Nothing but the lines from the one with "7 Dobson Rd, Edison, NJ 08817-4126" through the last line of the entries below should appear in the copy, please, and no pictures.

--- SUPPLIED ENTRIES ---

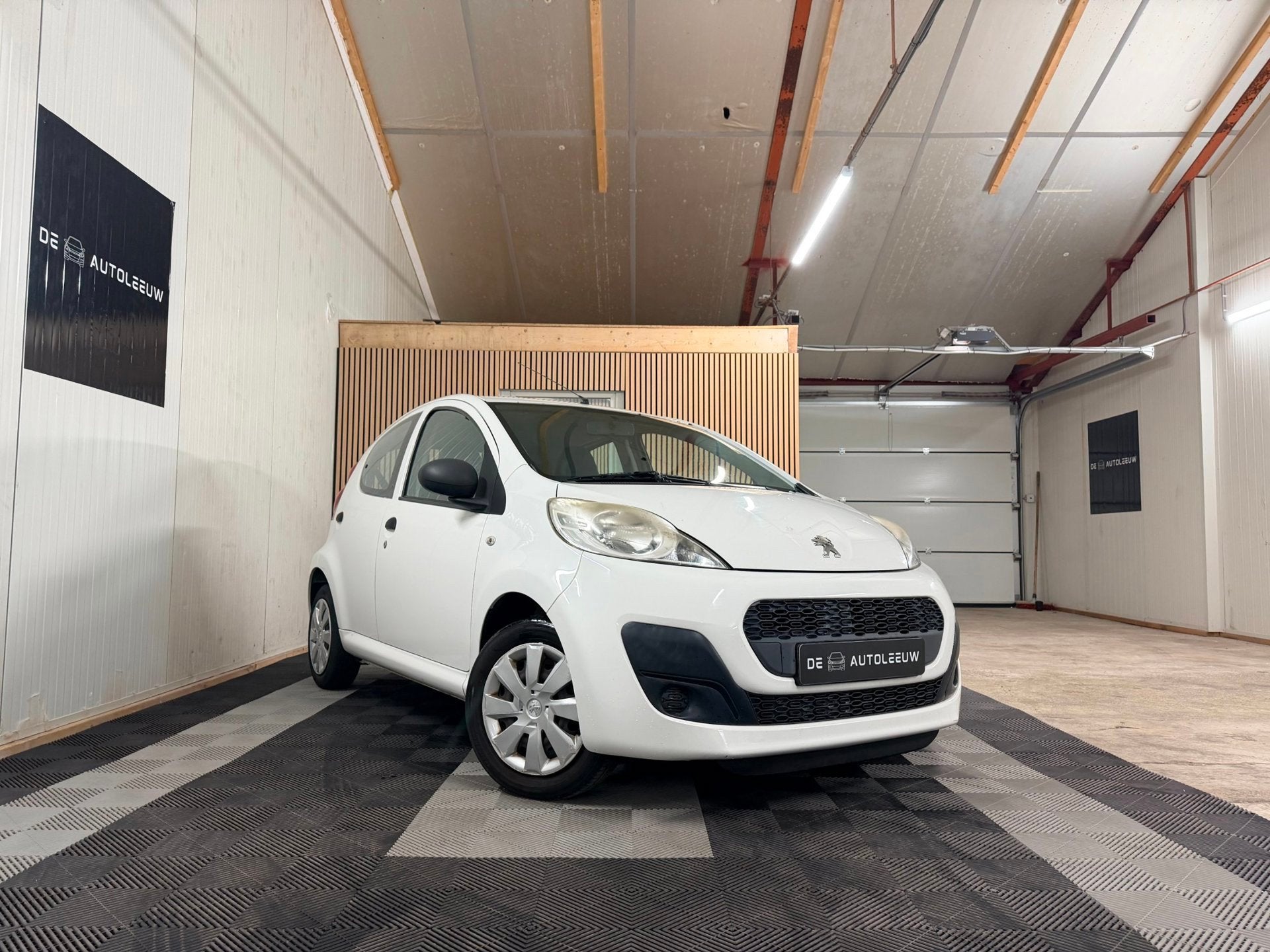 Peugeot 107 1.0 Access Accent Facelift |AIRCO|NW KOPPELING|N, Auto's, Voorwielaandrijving, Euro 5, Stof, Gebruikt
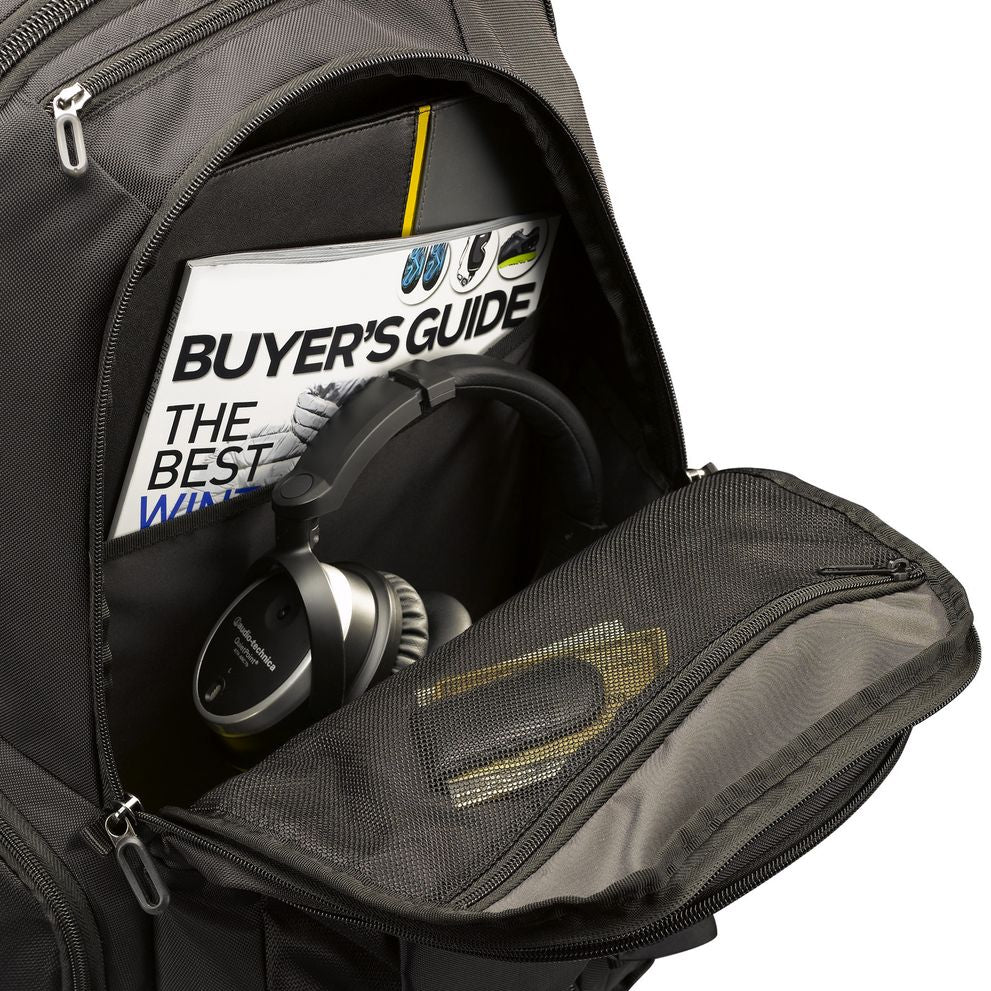 Full-Feature professional 17" backpack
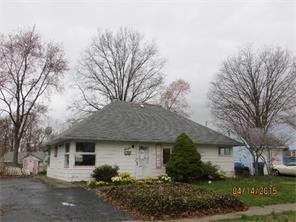 7 Dobson Rd, Edison, NJ 08817-4126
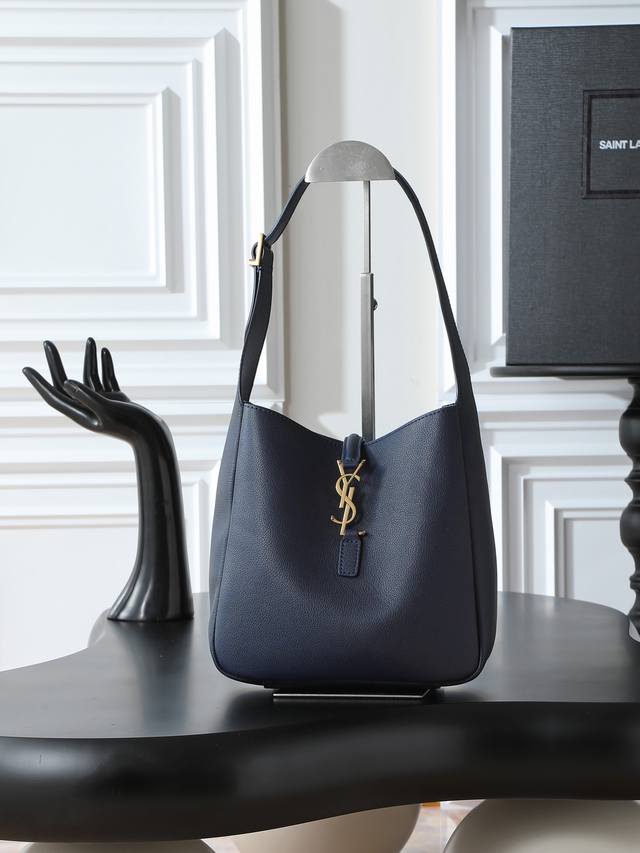 蓝色 原厂皮 爆款Le 5A7腋下包 今年大火的中古款腋下包 一直很受欢迎 全皮细腻光滑 包型设计又很简单又高级 容量足够用 轻便能装 又不过时真是太完美La～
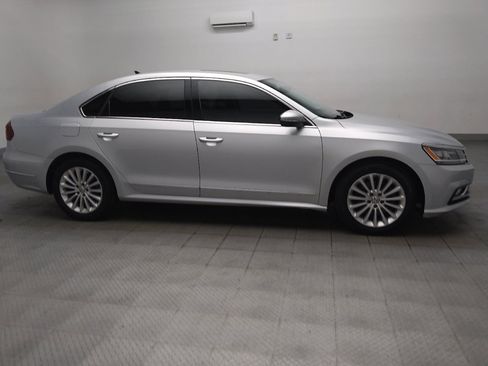 Used 2017 Volkswagen Passat 1.8T SE w/ SE Lighting Package FWD image 11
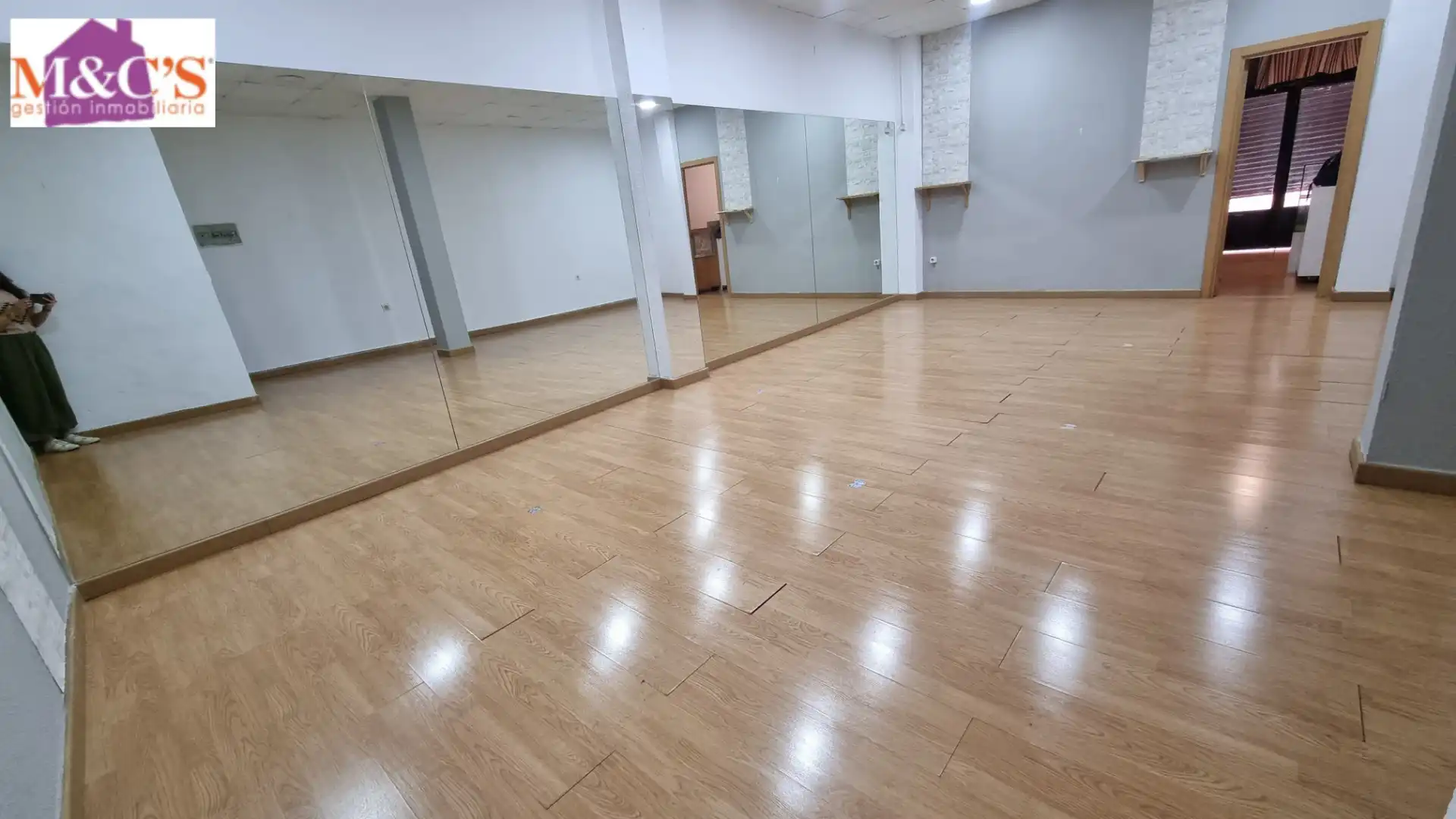 Local comercial de lloguer a Centro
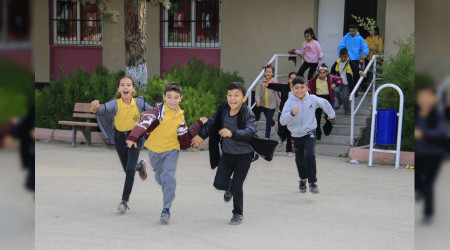 Okullarda ara tatil için son ders zili çalacak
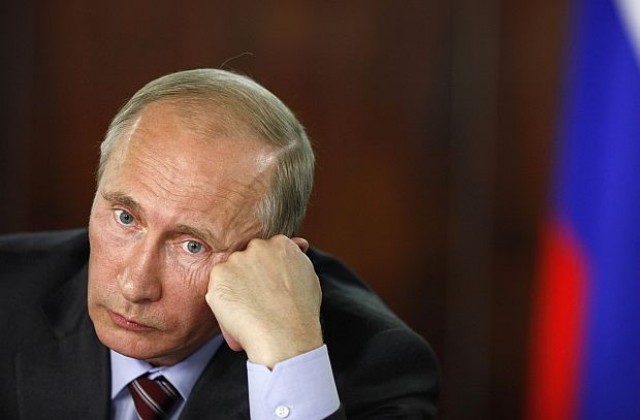 Привърженик на Путин изрази подкрепата си за него със скандален клип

---

◆ **WRITTEN REPLY**:
 7 Dobson Rd, Edison, NJ 08817-4126
 蓝色 原厂皮 爆款Le 5A7腋下包 今年大火的中古款腋下包 一直很受欢迎 全皮细腻光滑 包型设计又很简单又高级 容量足够用 轻便能装 又不过时真是太完美La～
 Used 2017 Volkswagen Passat 1.8T SE w/ SE Lighting Package FWD image 11
 Local comercial de lloguer a Centro
 Okullarda ara tatil için son ders zili çalacak
 Привърженик на Путин изрази подкрепата си за него със скандален клип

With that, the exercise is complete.